Review of Peter Goodman in Newsday

It was Merry Christmas at the Met! Beverly Sills has joined the hallowed list of great sopranos who have sung "Lucia di Lammermoor" there.

The Metropolitan Opera's program notes Christmas Eve indicated that the performance that night was the 288th Met performance of Donizetti's masterpiece. It is worth noting that "Lucia" was also the second work ever to be performed at the Met, during the inaugural season in 1883. Since that performance, which marked the debut of Marcella Sembrich, the world's great coloratura sopranos have gone to the Met with their interpretations of the tortured Scotswoman who goes mad with love and grief.

Crossing the plaza

Sills herself has sung it many times and in many places, especially with the New York City Opera at the State Theater just across Lincoln Plaza from the Met. Friday she crossed over to the big house and performed in a production first used at the [launching] of the 1964 season with Joan Sutherland, another of the great Lucias.

Sills' performance was full of exciting moments, from the trembling girlishness in the first act as she awaits Edgardo, her lover, through the way she stands, struck dumb with horror in the second act after Edgardo has disrupted her enforced wedding, to the brilliant and virtually flawless mad scene in Act Three, Sills is an excellent actress with a voice that does much more than make music. She acts with that voice, conveying wide swings of emotion within a brief musical moment. And the singing is marvelous just for itself. Her duet with the flute as she sinks deeper into madness was just breathtaking.

A baritone's impressive debut

But never let it be thought that an opera can be made by just one performer. The performance Friday was the Met's debut of Ryan Edwards, a tall young baritone from Texas who sang Lord Enrico Ashton, Lucia's desperately ambitious brother. Edwards has a very fine voice, dark and strong, and a powerful and intelligent stage presence.
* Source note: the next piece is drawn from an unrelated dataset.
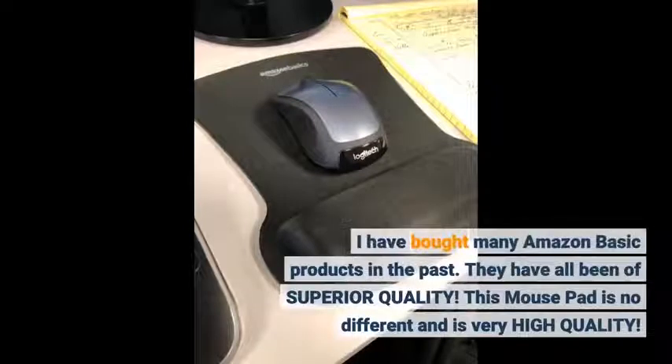I have bought many Amazon Basic products in the past and they have all been of superior quality. This mousepad is no different and is very high quality.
During the second act duet with Lucia, in which Enrico convinces her that Edgardo has betrayed her, Edwards came close to upstaging Sills both as actor and singer. He managed to portray Enrico as a man who is himself tortured by the torture he is putting his sister through. It was an impressive introduction to the Met.

John Alexander sang Edgardo with a mellow voice that sounded at times as if his nose was a little stopped up. He was best in the solo at the end of Act Three, when not competing with Sills or Edwards. John Macurdy's Raimondo, the chaplain, was particularly effective as he interrupted the wedding feast in Act Three to tell the guests of Lucia's madness. John Carpenter's Arturo was sweet but light. Charles Anthony sang Normanno.

The orchestra was conducted by Richard Woitach, who provided an excellent accompaniment, never overpowering, giving just the right emphasis in Donizetti's unobtrusive orchestration.

There were just a couple of jarring notes. The audience could not help laughing when just about the entire chorus whipped out their swords to threaten Edgardo during the wedding scene. And then there was the usual disgraceful rush up the aisles after the closing curtain.